SOURCE DATA ->
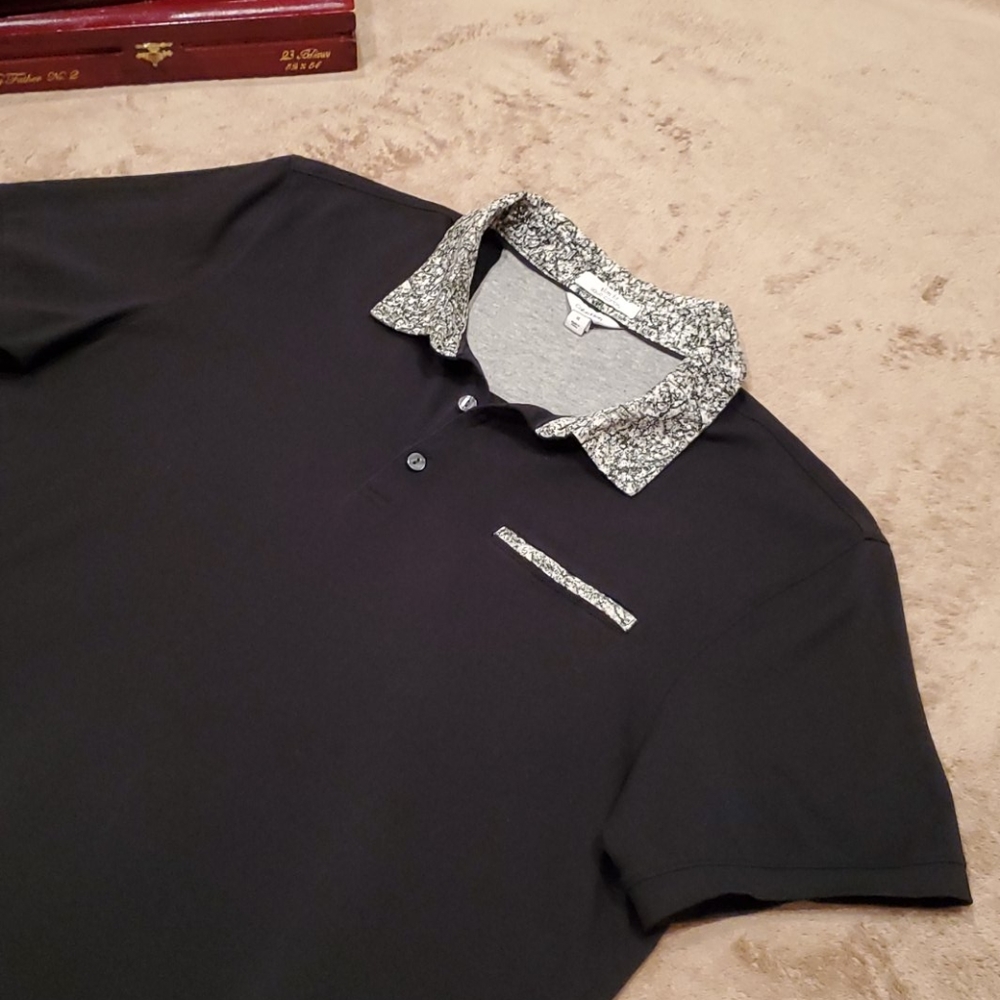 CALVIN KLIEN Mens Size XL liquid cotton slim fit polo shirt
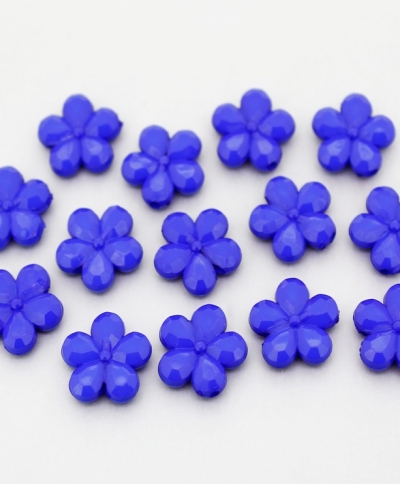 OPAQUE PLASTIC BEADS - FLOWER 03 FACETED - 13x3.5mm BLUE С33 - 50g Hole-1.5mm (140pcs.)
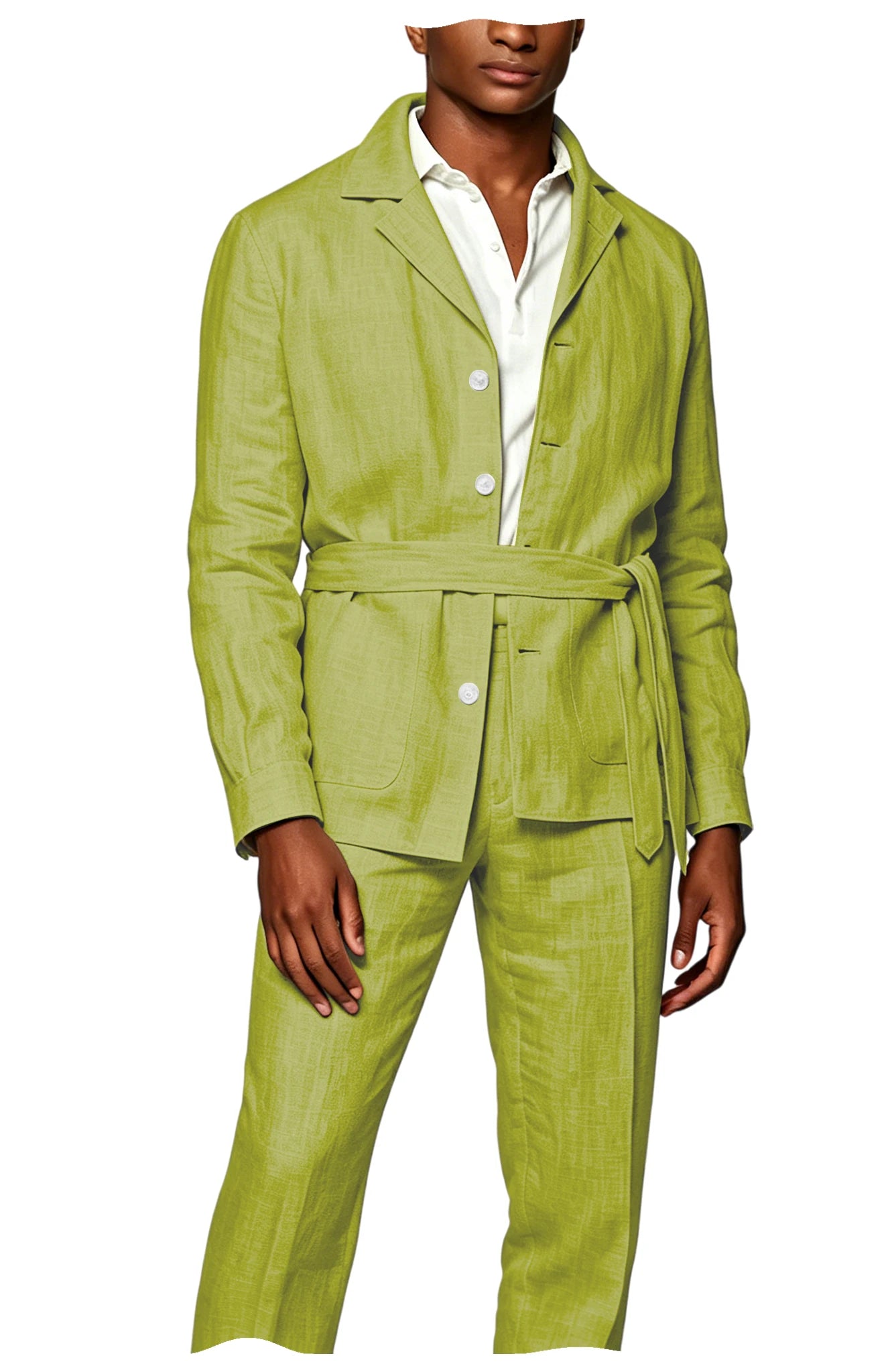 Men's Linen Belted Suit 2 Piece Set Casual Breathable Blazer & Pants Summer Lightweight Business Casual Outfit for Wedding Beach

WORK REQUEST ->
Starting at the line that contains "OPAQUE PLASTIC BEADS", retype each line through the final one in the listing, with both ends kept and the pictures omitted.

RESULT OF THIS TASK ->
 OPAQUE PLASTIC BEADS - FLOWER 03 FACETED - 13x3.5mm BLUE С33 - 50g Hole-1.5mm (140pcs.)
 Men's Linen Belted Suit 2 Piece Set Casual Breathable Blazer & Pants Summer Lightweight Business Casual Outfit for Wedding Beach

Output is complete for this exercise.